Si configura insomma una situazione in cui Centronord e Sud diventano sempre più Paesi diversi, con dinamiche differenti, anche se la Svimez non manca di segnalare alcune situazioni virtuose nel Mezzogiorno, come quella della Basilicata (Pil +2% nel 2011) e dell’Abruzzo (+1,8%).
Come uscire da questa situazione? Il risanamento del Mezzogiorno richiede certamente una diversa classe dirigente, una più decisa lotta a tutte le forme di criminalità, ma certamente anche investimenti pubblici ben orientati: un requisito impossibile nell’attuale congiuntura e che potrebbe realizzarsi soltanto nel contesto di una vera politica economica europea, cioè di un sostanziale progresso dell’integrazione politica dell’Unione.
Nel frattempo, i giovani pagheranno il prezzo più alto. Dal 2008 al 2012 (confronti al secondo trimestre) il tasso di occupazione tra i 15 e i 34 anni nel Sud è sceso dal 37,2% al 31,3%. Per le donne è solo del 23,8%, anche se sono più scolarizzate dei maschi.
Molti giovani rispondono a questa situazione con la valigia in mano. Negli ultimi venti anni sono emigrati dal Sud circa 2,5 milioni di persone, oltre un meridionale su dieci residente al Sud nel 2010. Nel 2010 sono partiti del Mezzogiorno in direzione del Centro-Nord circa 109 mila abitanti.
In molti casi l’emigrazione, a differenza di quella di cinquant’anni fa non è definitiva: nello stesso anno circa 67mila persone sono rientrate nei luoghi d’origine. È anche interessante osservare che i giovani meridionali non si dirigono quasi mai all’estero:
nel 2010 da tutto il Sud sono espatriati 10.800 meridionali,contro gli oltre 28mila del Centro-Nord. Si sono diretti soprattutto in Germania, quasi uno su quattro (23,8%), Svizzera (13,5%) e Gran Bretagna (11,7%). Meno della metà, circa 4.500, sono under 40. Solo uno su dieci è laureato (1.245).
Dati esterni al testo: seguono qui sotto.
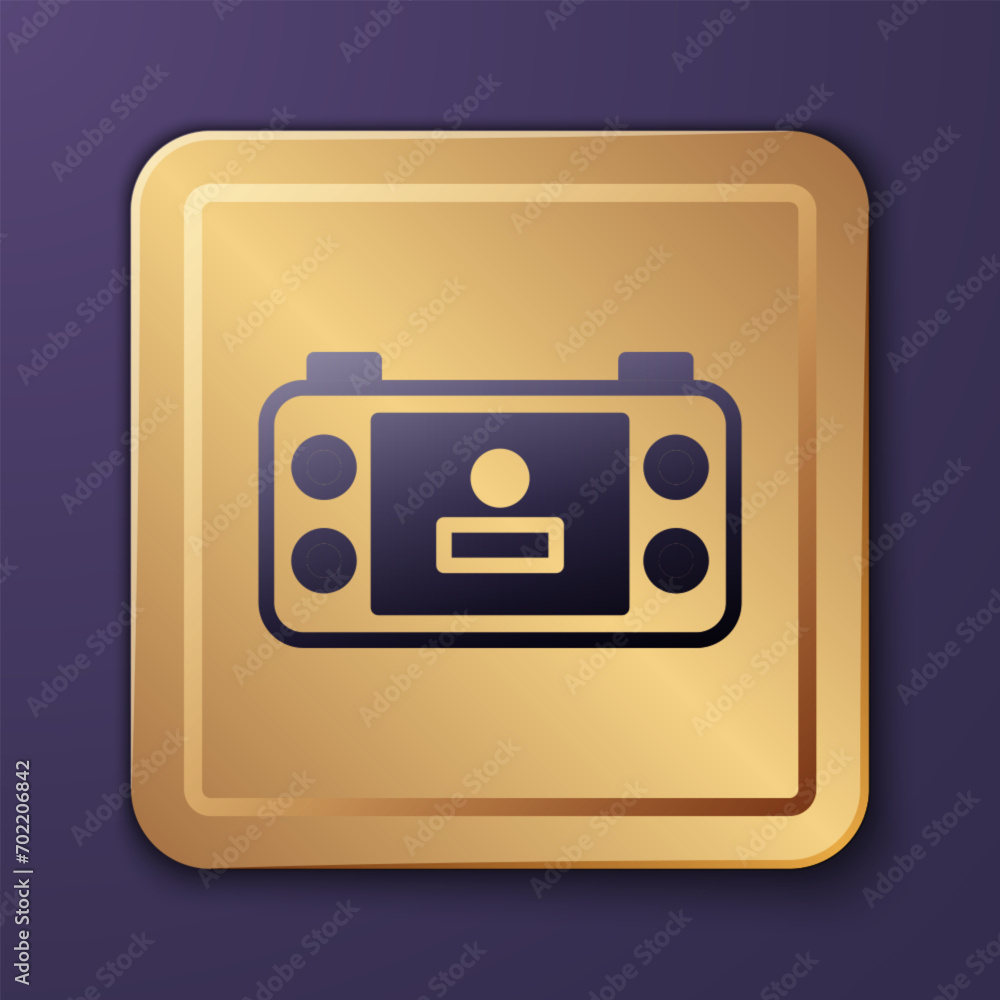 Poster purple portable video game console icon isolated on purple background. handheld console gaming. gold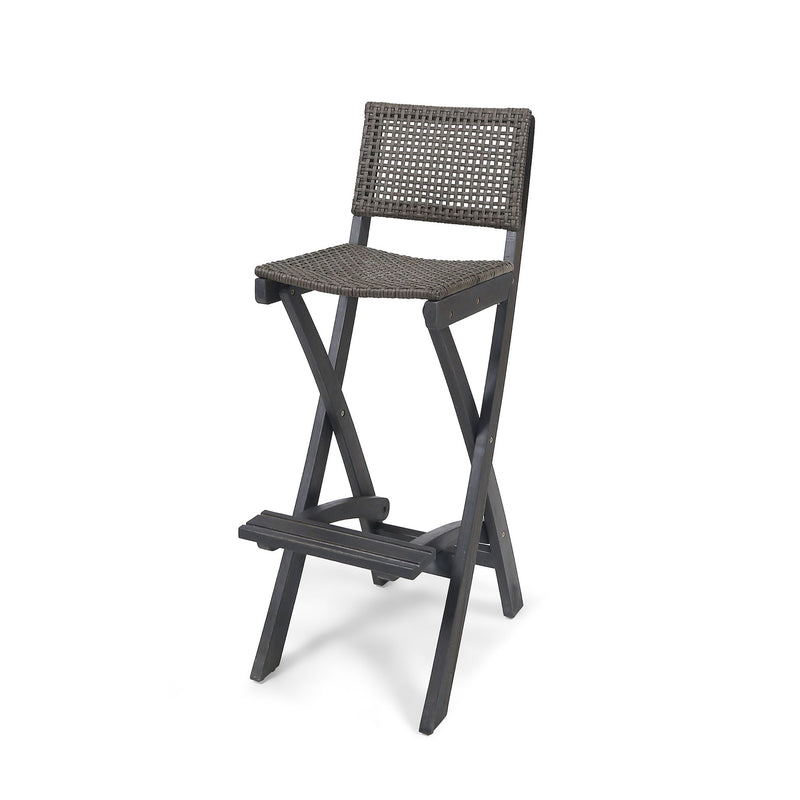 Outdoor Folding Acacia Wood Barstools With Rattan Backrest And Seat, (Set of 2) - Dark Gray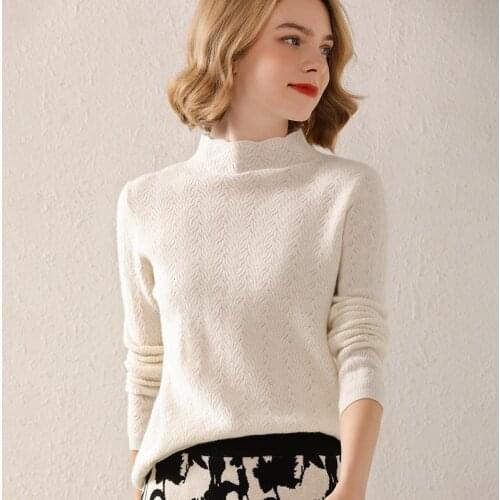 Ladies pullover 2021 fall/winter 100% wool sweater Slim solid color knitted cashmere sweater XL womens top half high collar hot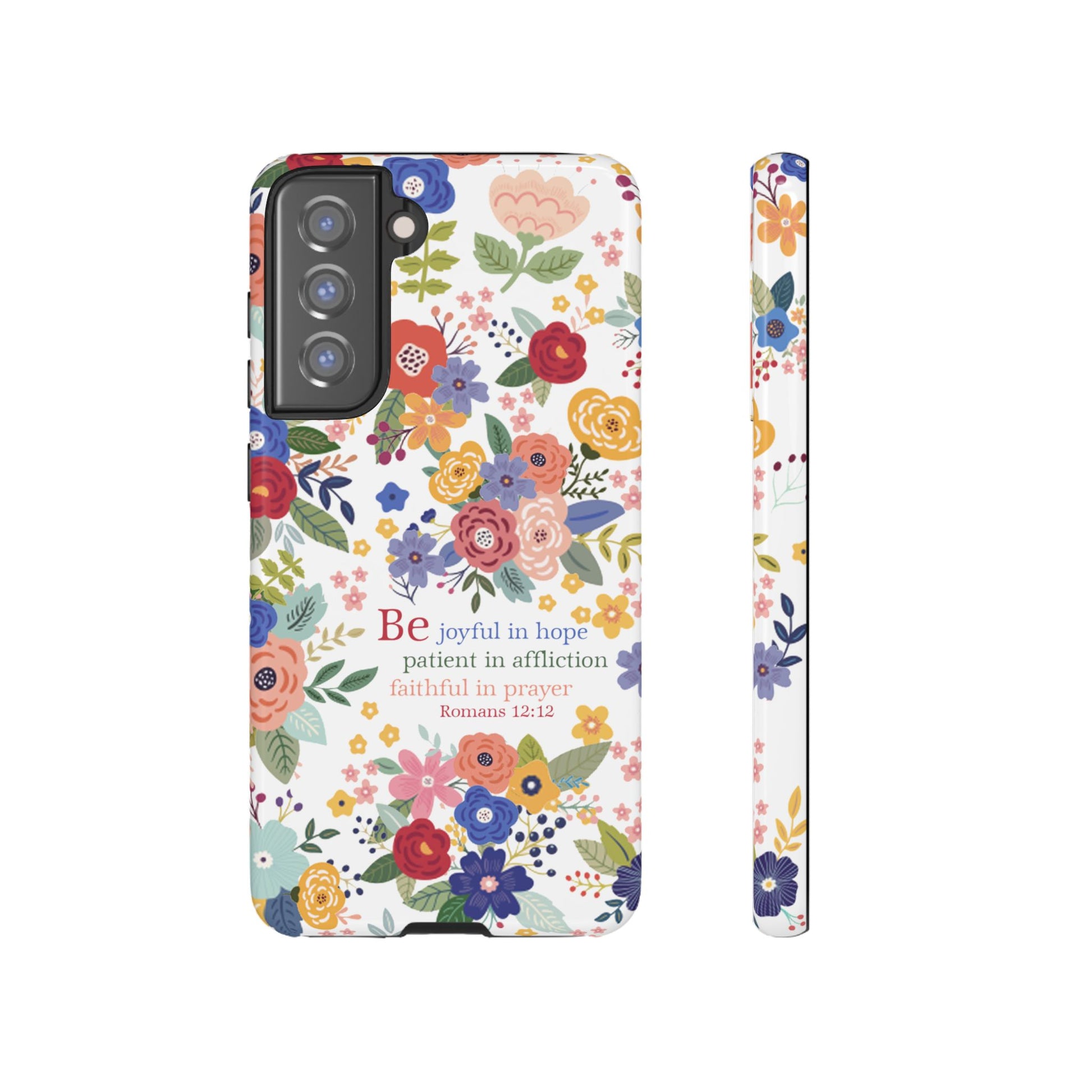 Be Joyful Floral Christian Tough Samsung Phone Case - Amazing Faith Designs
Forse il timore ad affrontare una migrazione internazionale è anche legato allaminore preparazione degli studenti del Sud e delle isole rispetto a quelli del Nord, come risulta dai test Invalsi del 2011 – 2012, soprattutto per Campania, Calabria e Sicilia.
Il quadro, insomma, è tutt’altro che confortante: se anche l’Europa riprenderà a correre, e con essa il Centronord, il Mezzogiorno resterà ancora più indietro. Che fare allora? Chi scrive ha diretto per otto anni, dal 1987 al 1994, un settimanale economico destinato al Mezzogiorno (Capitale Sud). Erano gli anni dell’ultima grande fiammata di speranza provocata dall’intervento straordinario; da quella difficile esperienza ho imparato quanto è difficile proporre ricette che funzionino per lo sviluppo del Sud. Ma su un punto si può essere certi: anche in tempi di spending review e di tagli drastici a tutti i costi del settore pubblico, l’investimento in capitale umano è l’unico che può garantire una ripresa e, nel medio termine, un lento superamento del divario. Forse molti giovani del Sud saranno costretti a emigrare o cambiare regione per trovare lavoro. Non sarà un male, se potranno tornare ai luoghi dì origine forti di esperienze nuove, con la capacità di avviare nuove attività. Ma è essenziale che questi giovani siano messi nelle condizioni migliori per affrontare il mondo.